Secteur de l’énergie (11% des émissions nationales en 2021). À rebours des tendances de moyen terme, ce secteur connaît une forte reprise des émissions au premier semestre 2022 : + 5% au premier trimestre et + 12% au second (par rapport à la même période en 2021). Cela résulte de la mise à l’arrêt de pratiquement la moitié des réacteurs nucléaires au second trimestre, dans un contexte où le déploiement des renouvelables a pris un retard considérable.
Les perspectives de la fin d’année sont à la poursuite de cette reprise des émissions du secteur électrique, avec l’utilisation à plein régime des centrales à gaz et la possible utilisation de celles à charbon (centrales de Cordemais et de Saint-Avold).
Les perspectives pour l’année 2022
Le baromètre du Citepa fournit un outil sans pareil pour suivre les évolutions de gaz à effet de serre en cours d’année.
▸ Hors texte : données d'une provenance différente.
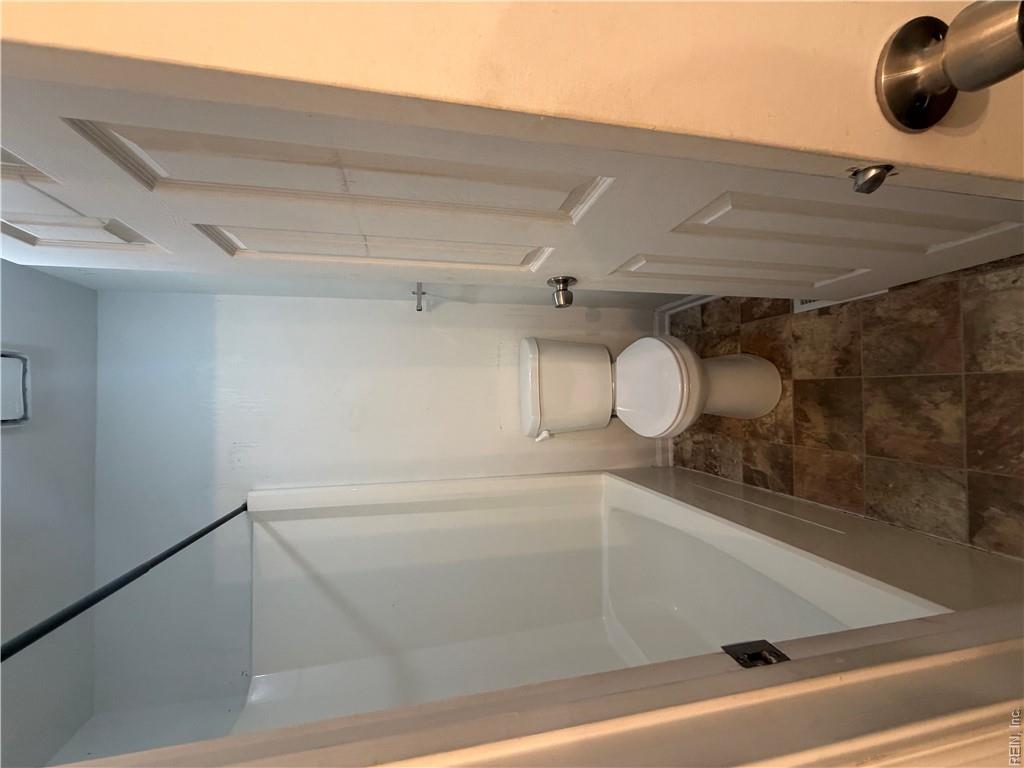 5359 Grand Lake Cres Property Photo 14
Faute d’un outil de modélisation qui permettrait des projections, nous sommes limités à quelques commentaires qualitatifs.
Du côté des hausses, le plus probable est que les émissions liées au transports vont ralentir mais celles liées à la production d’électricité risquent de maintenir, voire d’accentuer leur remontée.
Du côté des baisses, on peut anticiper la poursuite, voire l’accélération du recul des émissions industrielles, mais celles liées aux bâtiments risquent de ne plus avoir d’effet bénéfique de la météo comme en début d’année.
Au total, ces évolutions contrastées pourraient donner sur l’année 2022 des émissions voisines de celles de 2021. La tendance baissière reste insuffisante pour nous diriger vers l’objectif d'une réduction d’émissions de 55% à l’horizon 2030.